Task instructions:
From the line that contains "梨 なし 熊本県産【2024年9月上旬より順次発送】" through the line that contains "Mickey, German Shepherd Mix Puppy", output every line of the listing below exactly and leave out all the rest.

Listed records:
────────────────────

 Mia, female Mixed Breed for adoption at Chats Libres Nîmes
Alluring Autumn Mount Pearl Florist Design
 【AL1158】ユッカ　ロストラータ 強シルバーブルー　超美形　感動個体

────────────────────

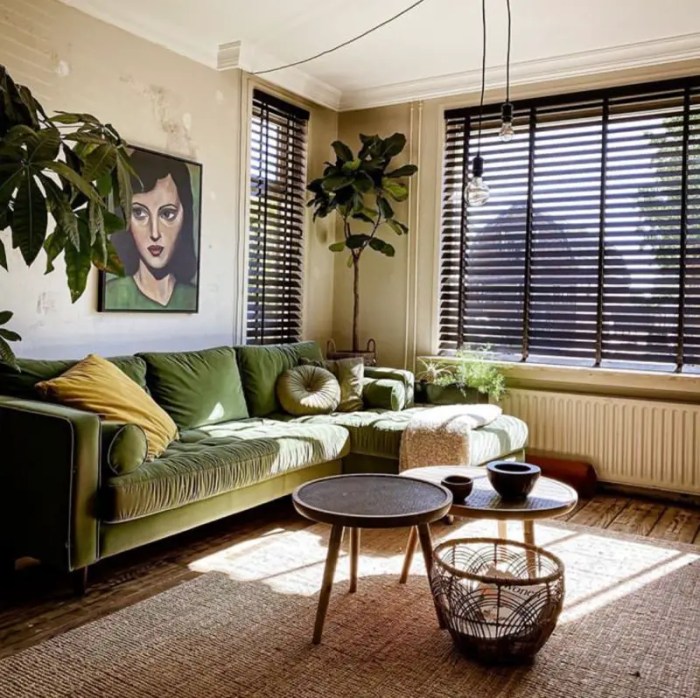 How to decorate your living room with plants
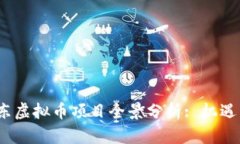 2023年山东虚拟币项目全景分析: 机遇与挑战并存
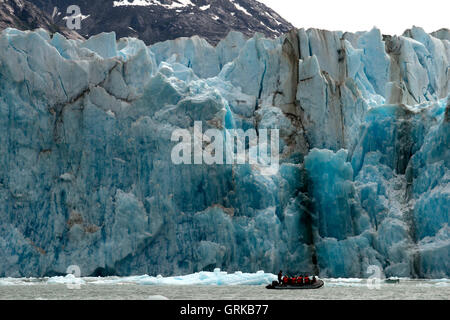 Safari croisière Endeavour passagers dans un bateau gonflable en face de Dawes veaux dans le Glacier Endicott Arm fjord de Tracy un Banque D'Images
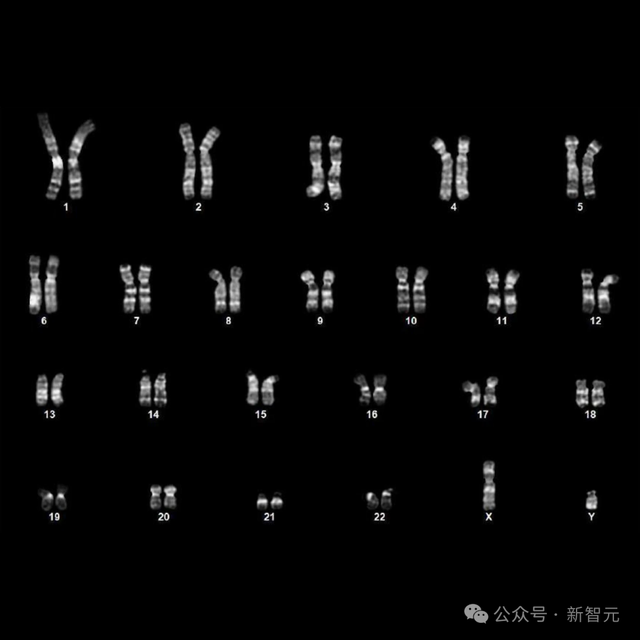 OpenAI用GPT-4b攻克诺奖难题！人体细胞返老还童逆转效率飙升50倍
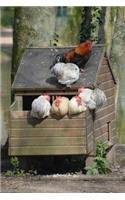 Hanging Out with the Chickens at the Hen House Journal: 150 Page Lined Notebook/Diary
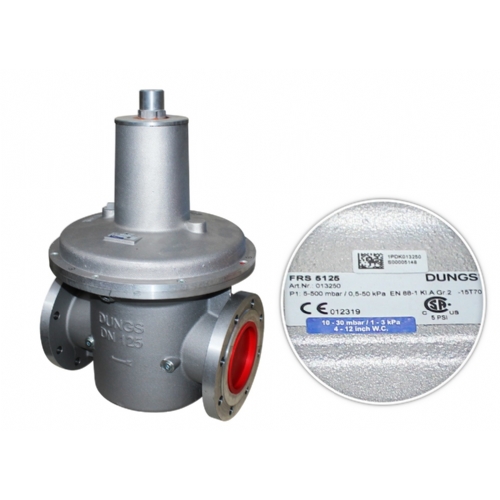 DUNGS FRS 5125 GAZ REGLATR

────────────────────

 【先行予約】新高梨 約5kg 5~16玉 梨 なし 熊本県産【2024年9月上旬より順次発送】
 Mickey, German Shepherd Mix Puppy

────────────────────

Solution to the exercise:
 【先行予約】新高梨 約5kg 5~16玉 梨 なし 熊本県産【2024年9月上旬より順次発送】
 Mickey, German Shepherd Mix Puppy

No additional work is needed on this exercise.